After endless trade rumors and uncertain offseasons, it appears Pau Gasol has finally expended his nine lives with the Lakers.
The Lakers do not expect to keep Gasol after unsuccessfully courting both LeBron James and Carmelo Anthony. Although the Lakers would remain amenable for Gasol to stay, their numerous offers and discussions with him were contingent on Anthony joining the Lakers, according to a league source familiar with the situation. Gasol had no interest in staying if Anthony did not come here, preferring to opt choose a team that can contend next season for an NBA championship.
Gasol has not formally announced his decision. But the Lakers’ slew of moves in securing Nick Young to a four-year deal worth $21.5 million and Jordan Hill to a two-year deal worth $18 million happened after it became clear Gasol had no interest staying.
The Lakers are open toward shipping Gasol in a sign-and-trade, but that measure becomes complicated considering the team’s diminishing cap space.
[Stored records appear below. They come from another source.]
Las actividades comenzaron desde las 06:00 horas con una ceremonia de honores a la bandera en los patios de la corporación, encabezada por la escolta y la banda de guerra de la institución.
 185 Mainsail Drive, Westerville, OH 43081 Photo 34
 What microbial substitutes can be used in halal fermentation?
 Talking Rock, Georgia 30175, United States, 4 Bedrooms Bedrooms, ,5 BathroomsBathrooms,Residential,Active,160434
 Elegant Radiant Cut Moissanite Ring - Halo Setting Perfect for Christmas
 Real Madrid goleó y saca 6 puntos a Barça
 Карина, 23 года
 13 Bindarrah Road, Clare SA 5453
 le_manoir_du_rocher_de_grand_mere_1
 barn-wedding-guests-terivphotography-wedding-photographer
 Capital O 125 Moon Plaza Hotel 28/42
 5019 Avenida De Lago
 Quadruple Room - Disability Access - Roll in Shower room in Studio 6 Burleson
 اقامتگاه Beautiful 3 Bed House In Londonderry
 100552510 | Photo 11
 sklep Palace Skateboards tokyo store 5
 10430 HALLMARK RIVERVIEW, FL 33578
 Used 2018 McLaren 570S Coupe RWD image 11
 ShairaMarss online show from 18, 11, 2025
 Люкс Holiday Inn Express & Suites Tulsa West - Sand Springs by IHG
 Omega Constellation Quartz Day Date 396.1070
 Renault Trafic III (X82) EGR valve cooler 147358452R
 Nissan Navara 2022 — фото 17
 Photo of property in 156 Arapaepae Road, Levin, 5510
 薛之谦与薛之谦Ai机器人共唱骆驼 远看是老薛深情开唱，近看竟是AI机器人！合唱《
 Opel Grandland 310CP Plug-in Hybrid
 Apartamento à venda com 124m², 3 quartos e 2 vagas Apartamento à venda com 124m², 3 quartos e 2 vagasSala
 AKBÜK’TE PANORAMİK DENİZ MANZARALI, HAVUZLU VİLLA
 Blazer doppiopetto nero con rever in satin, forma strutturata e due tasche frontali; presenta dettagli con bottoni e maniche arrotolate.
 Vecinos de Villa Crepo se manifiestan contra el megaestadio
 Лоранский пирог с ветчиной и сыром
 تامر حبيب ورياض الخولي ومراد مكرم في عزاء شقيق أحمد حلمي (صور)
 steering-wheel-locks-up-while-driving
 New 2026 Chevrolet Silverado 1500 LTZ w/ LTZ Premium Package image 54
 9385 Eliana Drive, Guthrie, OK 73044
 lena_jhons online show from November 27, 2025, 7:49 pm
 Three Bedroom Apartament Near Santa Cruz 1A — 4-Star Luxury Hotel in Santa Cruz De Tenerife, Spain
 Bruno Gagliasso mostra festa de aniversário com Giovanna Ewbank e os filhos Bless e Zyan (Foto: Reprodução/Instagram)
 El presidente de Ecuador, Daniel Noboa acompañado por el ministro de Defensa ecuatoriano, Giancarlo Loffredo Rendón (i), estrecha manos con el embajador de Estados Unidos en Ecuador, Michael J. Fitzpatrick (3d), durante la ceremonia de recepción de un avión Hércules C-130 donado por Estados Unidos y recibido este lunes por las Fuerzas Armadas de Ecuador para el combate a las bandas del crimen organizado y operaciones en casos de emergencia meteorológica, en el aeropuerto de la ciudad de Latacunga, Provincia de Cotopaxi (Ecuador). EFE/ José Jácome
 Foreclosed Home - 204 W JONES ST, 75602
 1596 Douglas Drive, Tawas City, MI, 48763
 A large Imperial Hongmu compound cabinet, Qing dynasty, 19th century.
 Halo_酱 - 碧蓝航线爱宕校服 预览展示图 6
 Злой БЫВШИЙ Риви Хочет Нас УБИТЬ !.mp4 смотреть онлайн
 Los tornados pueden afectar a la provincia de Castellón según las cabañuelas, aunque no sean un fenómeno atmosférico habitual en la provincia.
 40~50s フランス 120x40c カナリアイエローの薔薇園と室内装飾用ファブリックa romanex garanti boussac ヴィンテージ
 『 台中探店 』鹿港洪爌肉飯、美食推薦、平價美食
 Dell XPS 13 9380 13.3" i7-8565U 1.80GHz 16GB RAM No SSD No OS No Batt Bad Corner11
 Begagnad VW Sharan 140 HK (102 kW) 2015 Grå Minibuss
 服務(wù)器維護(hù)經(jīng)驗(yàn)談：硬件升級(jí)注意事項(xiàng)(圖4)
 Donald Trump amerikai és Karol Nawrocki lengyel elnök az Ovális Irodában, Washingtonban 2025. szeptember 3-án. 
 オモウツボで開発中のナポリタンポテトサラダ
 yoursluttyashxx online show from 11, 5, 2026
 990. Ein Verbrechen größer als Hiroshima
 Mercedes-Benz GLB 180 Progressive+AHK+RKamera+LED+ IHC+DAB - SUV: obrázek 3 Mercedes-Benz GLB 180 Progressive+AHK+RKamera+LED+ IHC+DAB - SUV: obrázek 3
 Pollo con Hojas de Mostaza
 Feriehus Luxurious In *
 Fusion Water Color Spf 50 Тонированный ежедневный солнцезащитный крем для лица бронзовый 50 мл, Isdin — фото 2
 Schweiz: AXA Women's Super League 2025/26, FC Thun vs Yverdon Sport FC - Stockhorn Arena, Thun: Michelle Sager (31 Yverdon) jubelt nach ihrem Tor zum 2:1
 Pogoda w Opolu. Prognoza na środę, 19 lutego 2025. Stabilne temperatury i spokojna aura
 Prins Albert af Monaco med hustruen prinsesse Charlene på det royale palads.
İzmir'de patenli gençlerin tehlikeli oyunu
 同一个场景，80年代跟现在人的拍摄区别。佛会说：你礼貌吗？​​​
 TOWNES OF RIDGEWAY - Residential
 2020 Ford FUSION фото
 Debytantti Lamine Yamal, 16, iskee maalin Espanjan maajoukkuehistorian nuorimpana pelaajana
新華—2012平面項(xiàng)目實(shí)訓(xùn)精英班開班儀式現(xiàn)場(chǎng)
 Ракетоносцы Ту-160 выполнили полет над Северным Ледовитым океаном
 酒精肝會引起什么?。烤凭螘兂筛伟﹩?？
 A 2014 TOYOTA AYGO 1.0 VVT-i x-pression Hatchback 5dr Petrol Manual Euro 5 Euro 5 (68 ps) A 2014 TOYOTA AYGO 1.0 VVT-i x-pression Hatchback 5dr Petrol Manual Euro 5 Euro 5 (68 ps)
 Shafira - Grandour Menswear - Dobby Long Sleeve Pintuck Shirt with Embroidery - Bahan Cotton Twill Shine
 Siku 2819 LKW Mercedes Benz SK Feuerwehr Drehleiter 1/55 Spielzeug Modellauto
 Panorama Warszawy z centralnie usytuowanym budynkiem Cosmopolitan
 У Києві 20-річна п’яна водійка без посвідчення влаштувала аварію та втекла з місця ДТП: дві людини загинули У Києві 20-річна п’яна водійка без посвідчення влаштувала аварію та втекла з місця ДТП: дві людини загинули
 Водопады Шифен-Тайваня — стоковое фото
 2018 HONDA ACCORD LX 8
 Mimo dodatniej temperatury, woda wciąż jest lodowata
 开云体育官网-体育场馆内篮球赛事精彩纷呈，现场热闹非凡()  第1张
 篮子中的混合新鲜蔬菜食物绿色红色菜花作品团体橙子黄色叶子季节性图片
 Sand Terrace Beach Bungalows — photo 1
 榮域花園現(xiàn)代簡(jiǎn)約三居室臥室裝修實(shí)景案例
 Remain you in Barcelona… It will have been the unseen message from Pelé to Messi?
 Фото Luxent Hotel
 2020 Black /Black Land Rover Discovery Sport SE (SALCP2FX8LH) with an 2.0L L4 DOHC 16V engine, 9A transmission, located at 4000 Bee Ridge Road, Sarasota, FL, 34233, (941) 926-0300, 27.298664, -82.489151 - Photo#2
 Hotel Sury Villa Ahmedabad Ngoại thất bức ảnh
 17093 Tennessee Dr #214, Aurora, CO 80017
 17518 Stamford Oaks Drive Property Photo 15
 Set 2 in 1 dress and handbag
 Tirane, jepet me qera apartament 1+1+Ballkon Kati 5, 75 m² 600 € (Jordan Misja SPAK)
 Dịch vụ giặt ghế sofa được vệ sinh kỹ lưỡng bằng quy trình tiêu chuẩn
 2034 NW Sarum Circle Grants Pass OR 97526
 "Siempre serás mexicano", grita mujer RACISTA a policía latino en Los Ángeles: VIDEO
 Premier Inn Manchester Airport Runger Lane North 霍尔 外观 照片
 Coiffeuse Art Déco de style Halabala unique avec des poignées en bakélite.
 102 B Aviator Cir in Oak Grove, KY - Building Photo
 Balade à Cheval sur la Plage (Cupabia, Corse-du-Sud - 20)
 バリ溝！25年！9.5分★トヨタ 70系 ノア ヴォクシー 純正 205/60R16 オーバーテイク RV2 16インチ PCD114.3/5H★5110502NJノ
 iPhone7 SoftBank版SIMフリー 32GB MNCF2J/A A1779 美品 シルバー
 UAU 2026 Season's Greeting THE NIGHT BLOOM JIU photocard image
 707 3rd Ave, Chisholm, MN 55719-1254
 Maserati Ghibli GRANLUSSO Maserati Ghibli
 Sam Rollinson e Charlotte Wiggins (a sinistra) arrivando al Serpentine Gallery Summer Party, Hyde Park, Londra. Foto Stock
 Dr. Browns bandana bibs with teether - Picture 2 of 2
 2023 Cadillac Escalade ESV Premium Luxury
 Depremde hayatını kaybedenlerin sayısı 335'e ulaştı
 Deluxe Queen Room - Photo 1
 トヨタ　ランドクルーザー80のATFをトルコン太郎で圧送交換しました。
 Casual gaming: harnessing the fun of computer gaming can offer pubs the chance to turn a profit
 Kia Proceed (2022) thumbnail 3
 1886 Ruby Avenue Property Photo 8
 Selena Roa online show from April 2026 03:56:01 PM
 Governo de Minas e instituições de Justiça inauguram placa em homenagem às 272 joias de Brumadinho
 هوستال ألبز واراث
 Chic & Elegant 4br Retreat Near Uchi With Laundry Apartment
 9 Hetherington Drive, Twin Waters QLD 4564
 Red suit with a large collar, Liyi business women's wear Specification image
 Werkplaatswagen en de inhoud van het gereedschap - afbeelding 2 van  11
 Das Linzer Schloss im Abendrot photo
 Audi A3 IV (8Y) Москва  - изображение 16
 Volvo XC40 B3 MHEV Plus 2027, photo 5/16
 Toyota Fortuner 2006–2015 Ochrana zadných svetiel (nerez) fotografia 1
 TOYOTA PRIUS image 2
Larry Coon, an independent NBA salary cap expert who works as an IT director at UC Irvine, estimated that the Lakers could only sign Gasol up to $7.2 million before shipping him elsewhere if they have not signed any of the agreed deals with Lin, Young and Hill, waive Steve Nash’s $9.8 million through the stretch provision and the renounce their rights to Kent Bazemore, Ryan Kelly and Kendall Marshall.
The Lakers currently do not plan to waive Nash. It is possible Bazemore and Kelly re-sign with the Lakers. And Marshall has a non-guaratneed deal worth $915,000.
In general terms, the Lakers would have only been open to a sign-and-trade involving Gasol if they liked the player, received assets and the salary did not compromise their cap flexibility.
After the Lakers acquired him in 2008 from Memphis, Gasol immediately bolstered the Lakers to three NBA championships and two Finals appearances for reasons involving his versatility, strong basketball IQ and complementary personality and playing styles with Kobe Bryant. Gasol’s struggles in the 2011 NBA playoffs partly prompted the Lakers to trade him in the Chris Paul that the NBA immediately nixed. Gasol wanted to stay with the Lakers, but ongoing trade rumors, reduced and evolving roles and overlapping injuries diluted his effectiveness.